What this task involves =
Extract precisely the lines of the entries below, from the first line through the line containing "Tsubaya Bread Knife".

----- Extracted entries -----

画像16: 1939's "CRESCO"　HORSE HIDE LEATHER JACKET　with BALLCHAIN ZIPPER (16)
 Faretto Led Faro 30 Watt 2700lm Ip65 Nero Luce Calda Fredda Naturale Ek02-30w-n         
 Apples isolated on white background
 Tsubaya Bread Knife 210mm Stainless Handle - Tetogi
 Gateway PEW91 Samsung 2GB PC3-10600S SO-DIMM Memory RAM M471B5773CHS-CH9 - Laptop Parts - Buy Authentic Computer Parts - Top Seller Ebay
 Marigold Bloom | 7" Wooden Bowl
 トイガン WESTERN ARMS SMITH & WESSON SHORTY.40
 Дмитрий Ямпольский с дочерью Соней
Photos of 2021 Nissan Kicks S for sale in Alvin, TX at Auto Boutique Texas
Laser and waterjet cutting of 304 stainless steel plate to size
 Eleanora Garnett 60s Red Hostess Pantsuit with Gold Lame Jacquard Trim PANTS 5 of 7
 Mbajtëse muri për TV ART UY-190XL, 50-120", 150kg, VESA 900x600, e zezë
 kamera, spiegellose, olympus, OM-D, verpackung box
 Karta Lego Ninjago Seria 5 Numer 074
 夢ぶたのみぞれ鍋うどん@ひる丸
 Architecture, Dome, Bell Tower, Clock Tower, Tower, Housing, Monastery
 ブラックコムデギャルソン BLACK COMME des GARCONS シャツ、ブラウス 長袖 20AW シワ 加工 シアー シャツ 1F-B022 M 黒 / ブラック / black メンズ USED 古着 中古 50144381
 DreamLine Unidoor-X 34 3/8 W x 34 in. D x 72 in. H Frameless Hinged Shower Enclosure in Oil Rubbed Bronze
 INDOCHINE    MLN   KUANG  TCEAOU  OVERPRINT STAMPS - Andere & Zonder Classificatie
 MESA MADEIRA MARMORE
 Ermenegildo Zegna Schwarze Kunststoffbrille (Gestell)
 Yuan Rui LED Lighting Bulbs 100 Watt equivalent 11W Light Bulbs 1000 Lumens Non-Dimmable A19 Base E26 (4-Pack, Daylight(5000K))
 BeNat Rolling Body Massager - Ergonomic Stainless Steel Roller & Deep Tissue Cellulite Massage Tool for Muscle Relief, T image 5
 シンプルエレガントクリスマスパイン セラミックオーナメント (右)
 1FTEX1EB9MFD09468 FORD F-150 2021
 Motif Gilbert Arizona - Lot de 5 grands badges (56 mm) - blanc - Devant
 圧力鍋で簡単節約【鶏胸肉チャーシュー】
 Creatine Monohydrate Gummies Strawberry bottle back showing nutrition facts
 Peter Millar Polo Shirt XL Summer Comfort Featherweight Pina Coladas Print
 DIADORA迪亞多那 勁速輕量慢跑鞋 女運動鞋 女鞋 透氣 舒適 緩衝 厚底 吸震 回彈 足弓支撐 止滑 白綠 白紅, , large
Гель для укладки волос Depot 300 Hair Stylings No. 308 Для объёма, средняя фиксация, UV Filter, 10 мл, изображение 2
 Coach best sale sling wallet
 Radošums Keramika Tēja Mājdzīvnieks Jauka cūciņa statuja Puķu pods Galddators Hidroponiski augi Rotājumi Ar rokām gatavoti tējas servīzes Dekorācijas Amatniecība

-----

Solution to this problem =
画像16: 1939's "CRESCO"　HORSE HIDE LEATHER JACKET　with BALLCHAIN ZIPPER (16)
 Faretto Led Faro 30 Watt 2700lm Ip65 Nero Luce Calda Fredda Naturale Ek02-30w-n         
 Apples isolated on white background
 Tsubaya Bread Knife 210mm Stainless Handle - Tetogi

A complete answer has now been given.